Monday, June 24, 2013

Proper 7 of Series C (Isaiah 65:1-9)

“I was ready to be sought by those who did not ask for me; I was ready to be found by those who did not seek me. I said, ‘Here am I, here am I,’ to a nation that was not called by my name.” Grace, mercy, and peace to you from God our Father and from our Lord and our Savior Jesus Christ, Amen. The text for our sermon this morning comes from the Old Testament lesson read a few moments ago from the sixty-fifth chapter of the prophet Isaiah. Dear friends in Christ, the face of the Christian Church is changing. For centuries Christianity was centered in Europe, and when it came to America, it became dominant here as well. Sure there were Christians in other places, as the missionaries went forth, but the primary face of the Church was European, people like you and me. Not so anymore. Christianity in Europe is dying a slow and painful death, and while we aren’t nearly as far along here in the United States, there are signs that we are headed down the same path. Meanwhile, Christianity is thriving in the global South and East. The Church is flourishing and expanding in China, in sub-Saharan Africa, in Central and South America; there is an explosion of growth wherever you look. The center of Christianity is shifting; away from Europe, away from America. People like you and me are no longer the face of Christianity; instead, that face is African, Asian, and Hispanic.

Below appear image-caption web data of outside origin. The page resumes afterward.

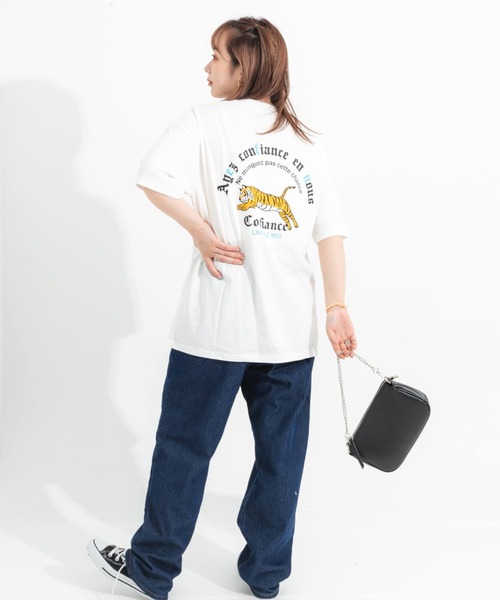 nemne store（ネンネストア）の「ワンポイント刺繍入りバックプリントアソートT（Tシャツ/カットソー・レディース・オフホワイト/グリーン/オートミール/スミクロ・フリー）」の21枚目の写真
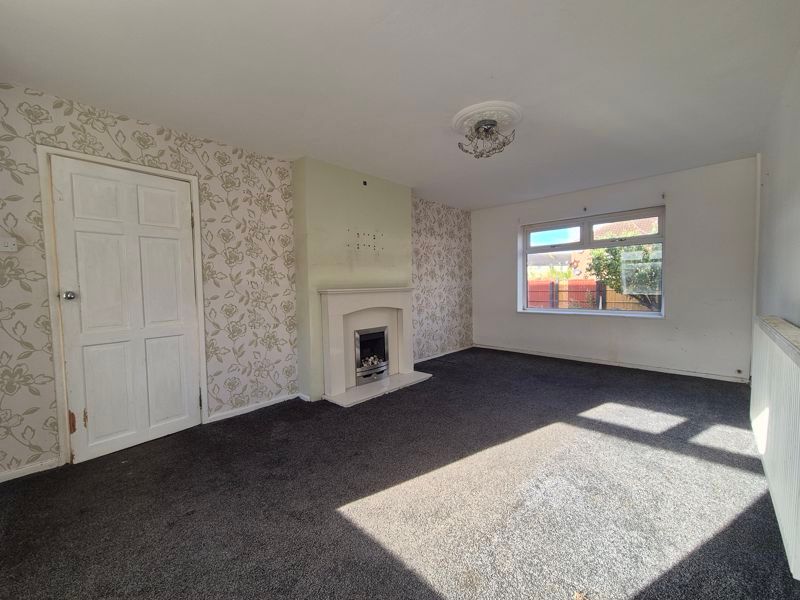 Property photo 3 of 11 Photo 3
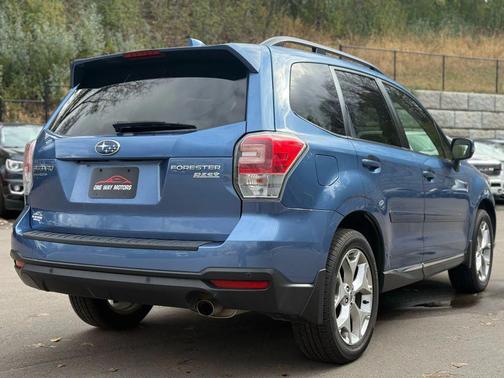 2017 Subaru Forester 2.5i Touring
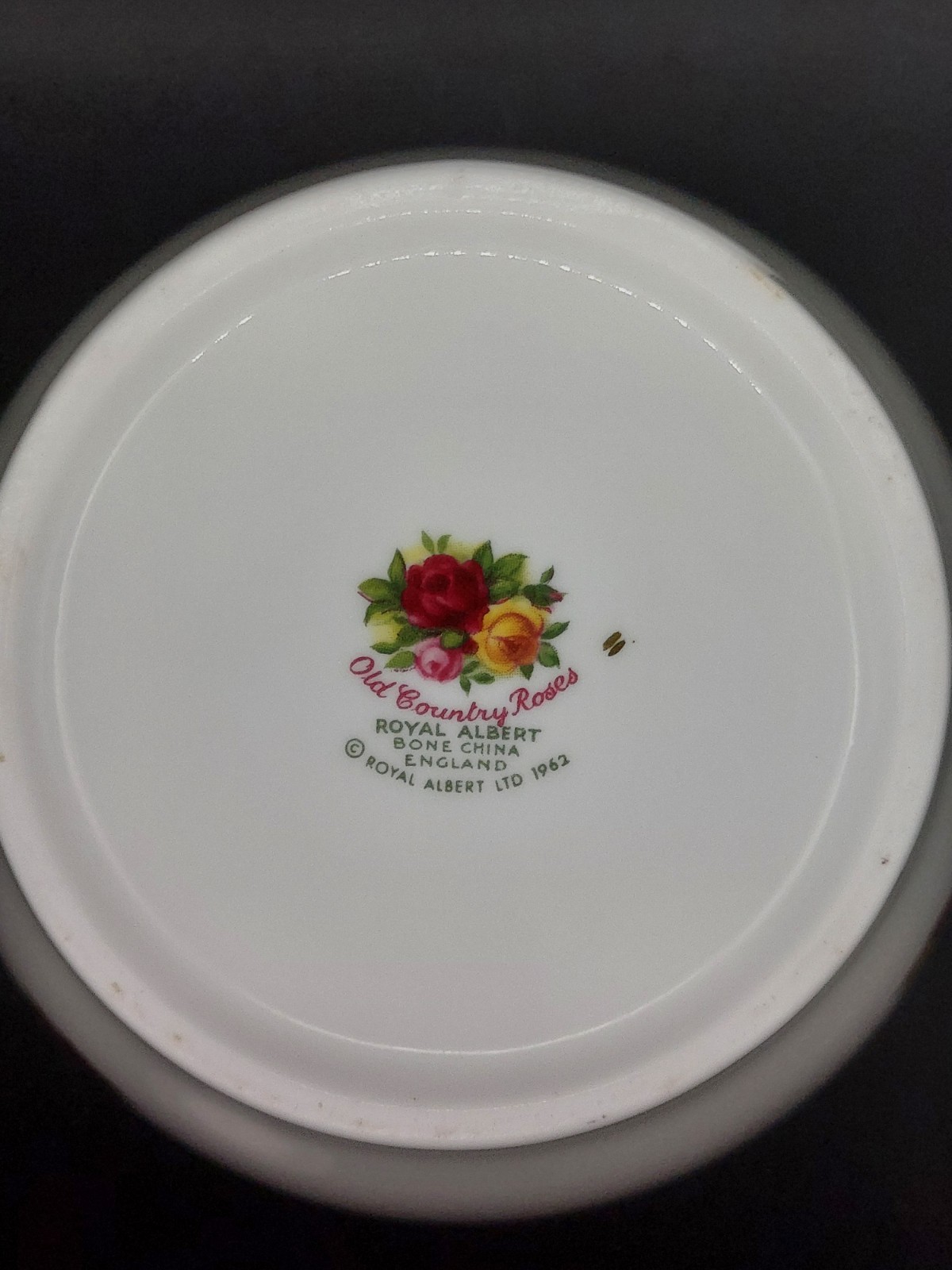 Royal Albert OLD COUNTRY ROSES – 7” GINGER JAR w/LID 1962 Bone China ENGLAND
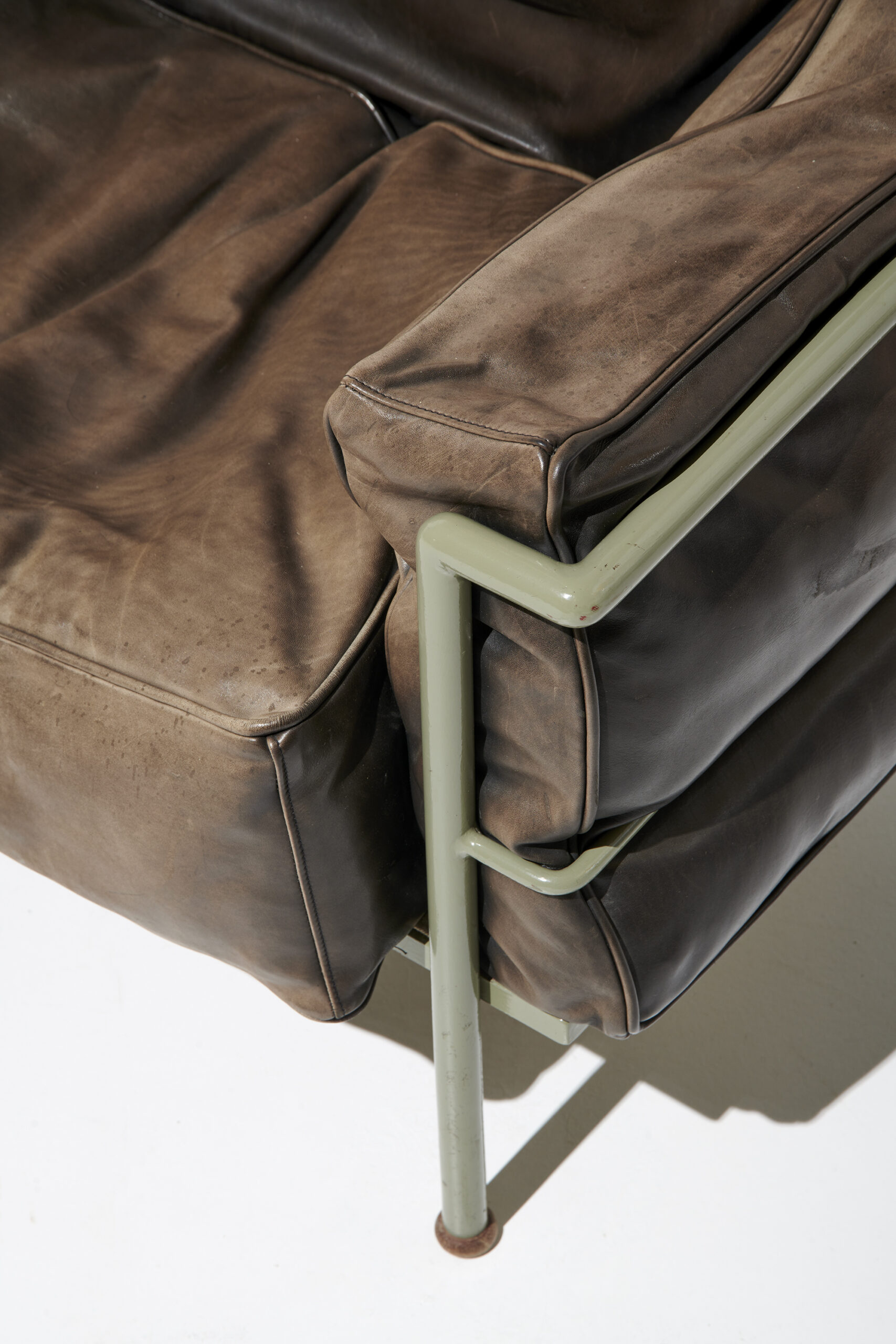 Fauteuil 'Grand confort' Le Corbusier Pierre Jeanneret Charlotte Perriand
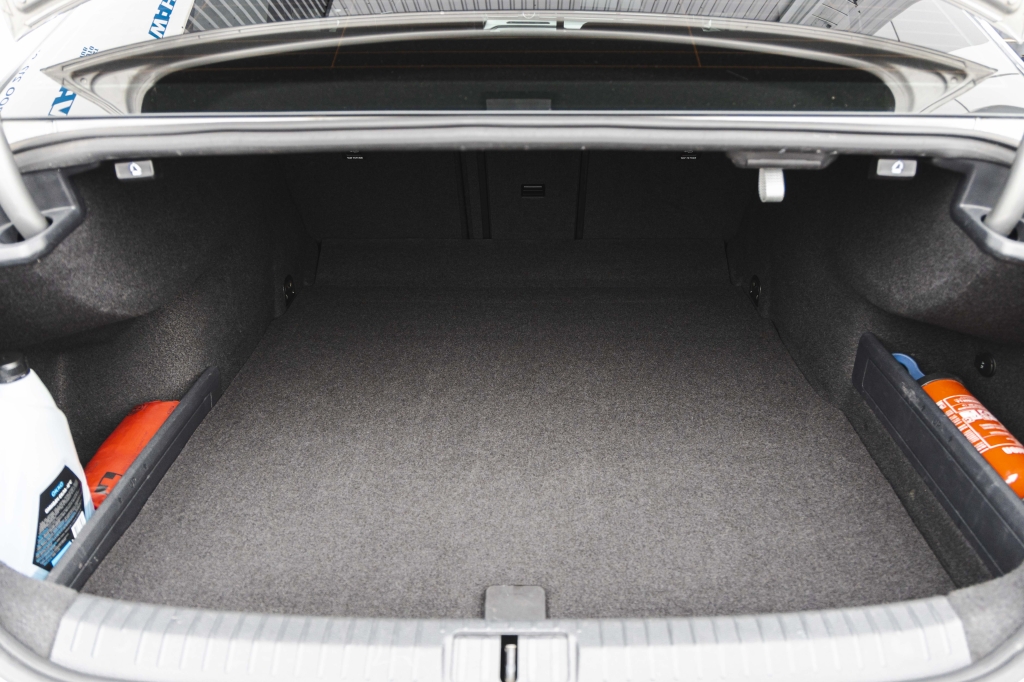 Volkswagen Passat 2016 photo 31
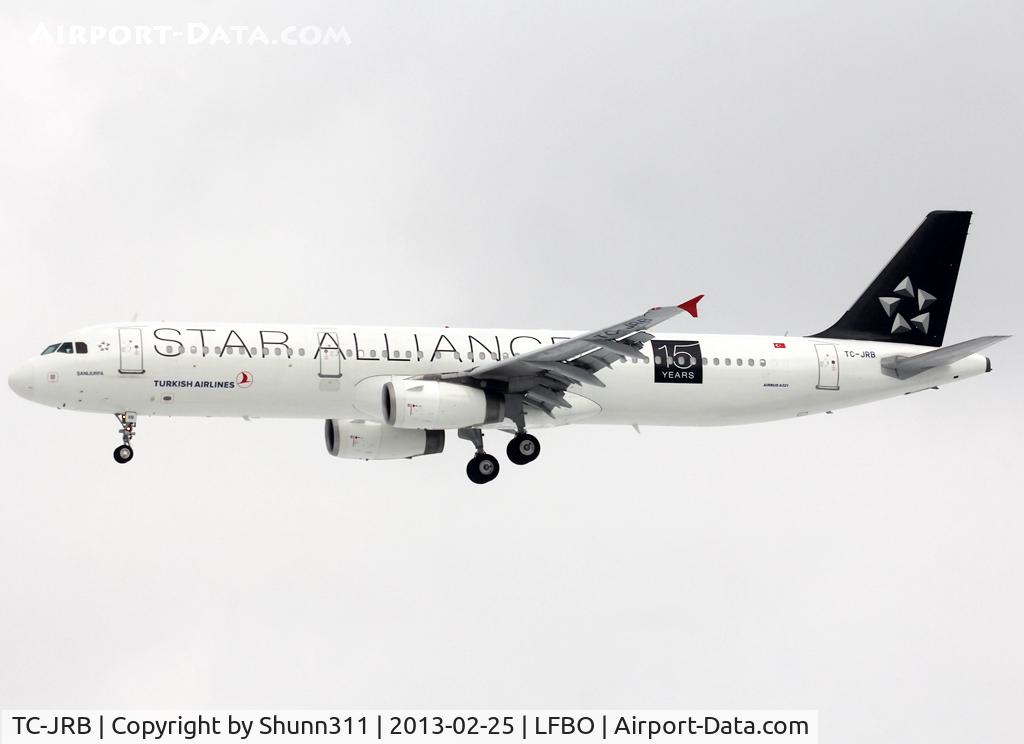 TC-JRB, 2006 Airbus A321-231 C/N 2868, Landing rwy 32L in Star Alliance c/s
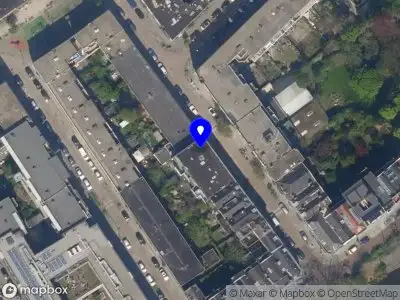 Ambulance naar de Van der Sluysstraat in Rotterdam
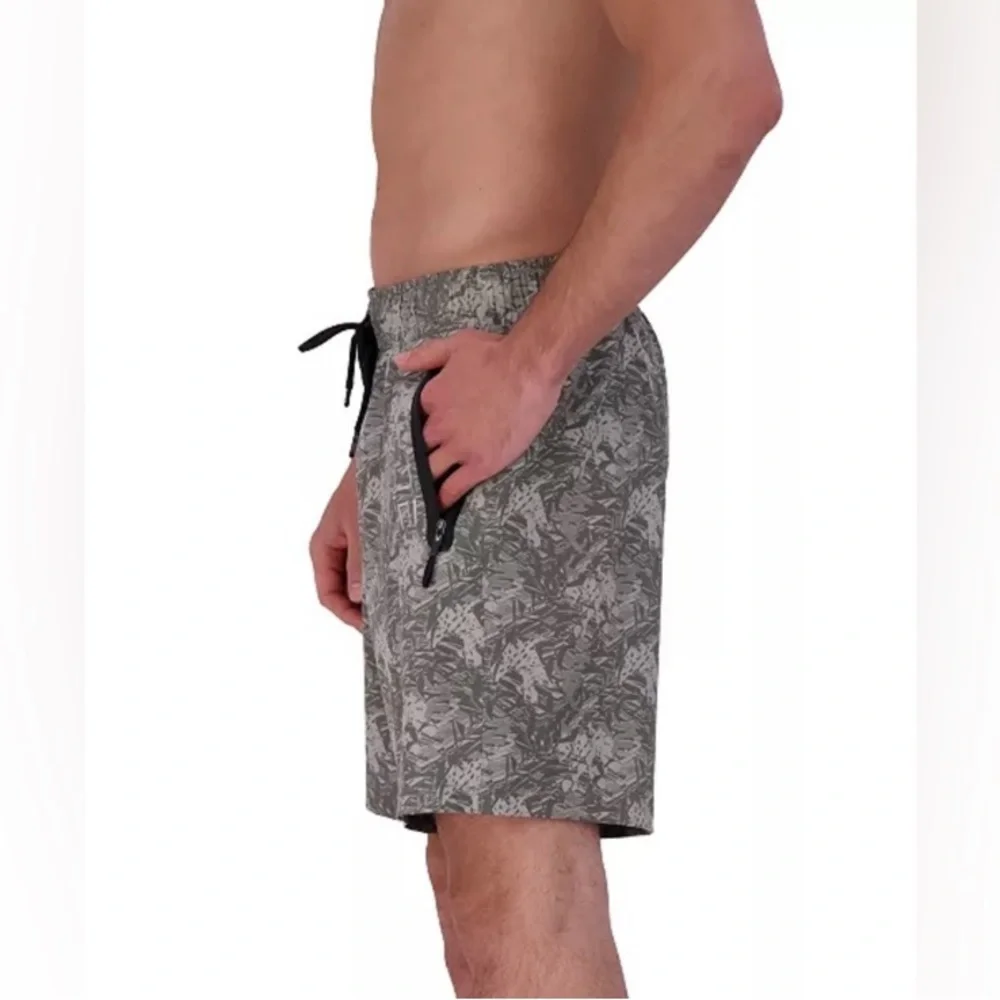 Men's Spyder Swim Trunks, 7” inseam, Size XL extra large, gray pattern swimsuit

God’s declaration is especially true in days like these: “I was ready to be sought by those who did not ask for me; I was ready to be found by those who did not seek me.” God’s call, His Word, is going out to the nations, to peoples that have never sought Him, that were not called by His Name. He has revealed Himself to them through the proclamation of countless missionaries and evangelists. This is cause for celebration, for great joy! God is doing great things, His Word is not returning void, but is gathering a harvest! The pagans are becoming Christian! But as wonderful as these words are, God doesn’t speak them to cause celebration, but weeping; not for our joy but for our sorrow does He tell us of the conversion of the nations.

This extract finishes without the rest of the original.